[Your objective] Would you restate all of the entries verbatim, minus any images?
START Information
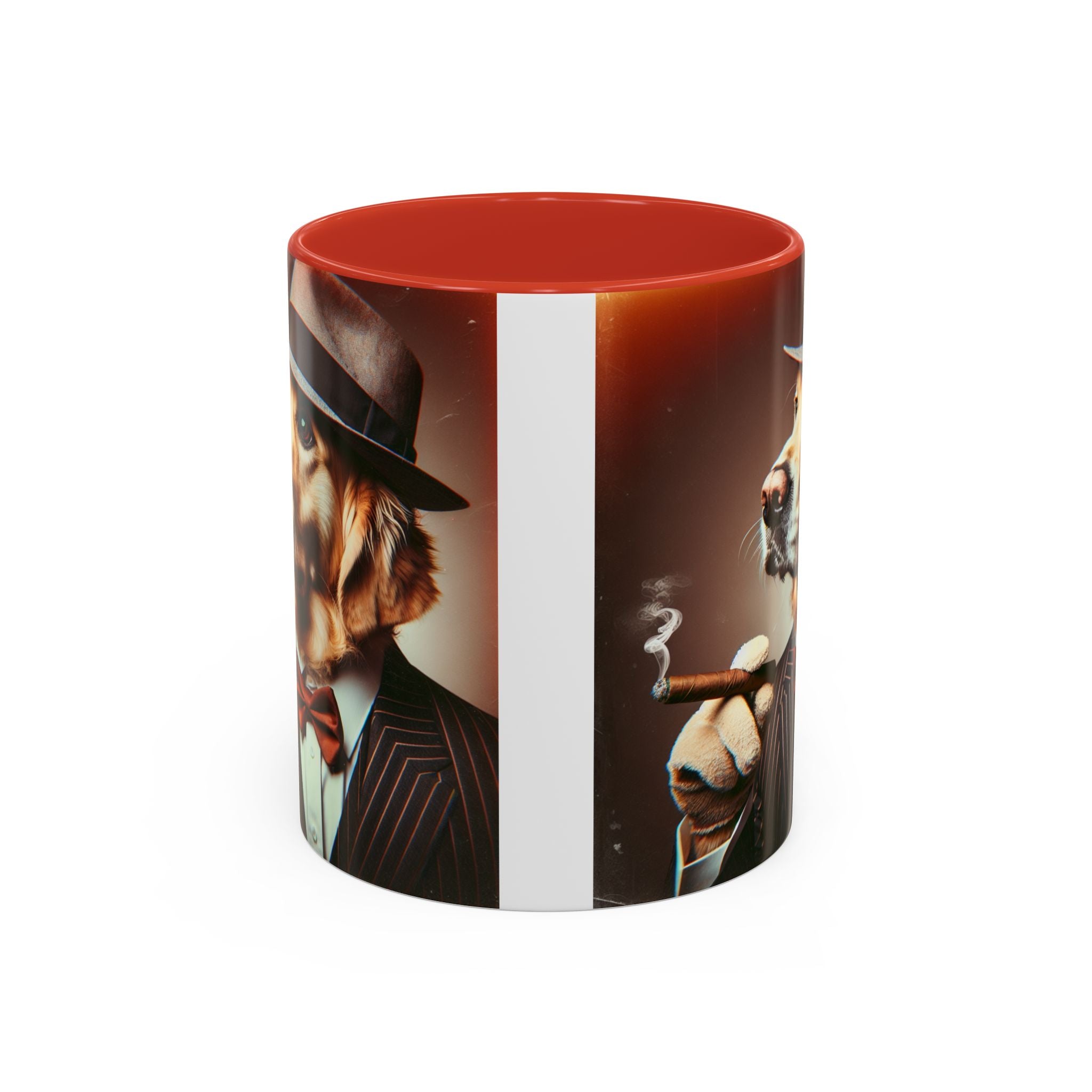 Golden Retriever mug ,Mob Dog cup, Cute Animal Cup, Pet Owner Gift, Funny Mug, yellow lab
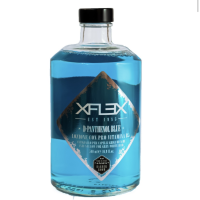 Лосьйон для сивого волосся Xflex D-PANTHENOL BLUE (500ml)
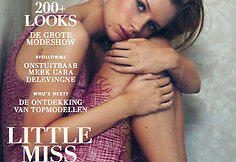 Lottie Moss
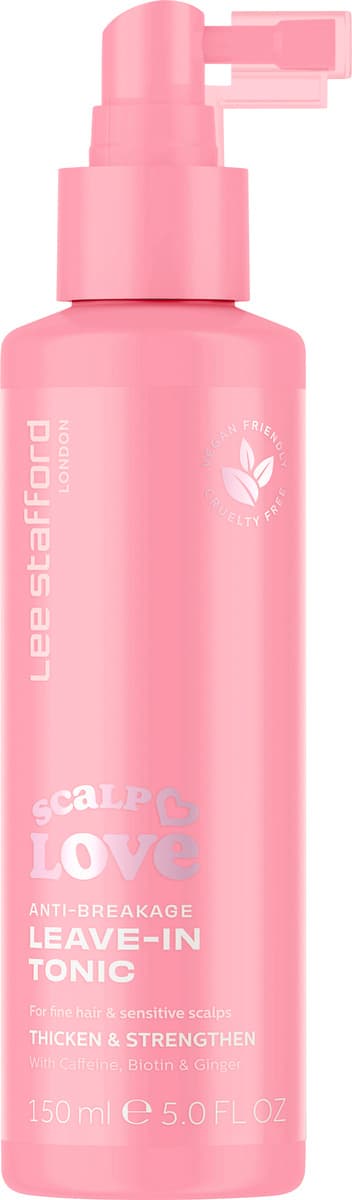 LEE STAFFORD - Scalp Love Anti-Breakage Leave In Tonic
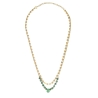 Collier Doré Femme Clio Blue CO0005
END Information
[Task output]
 Golden Retriever mug ,Mob Dog cup, Cute Animal Cup, Pet Owner Gift, Funny Mug, yellow lab
 Лосьйон для сивого волосся Xflex D-PANTHENOL BLUE (500ml)
 Lottie Moss
 LEE STAFFORD - Scalp Love Anti-Breakage Leave In Tonic
 Collier Doré Femme Clio Blue CO0005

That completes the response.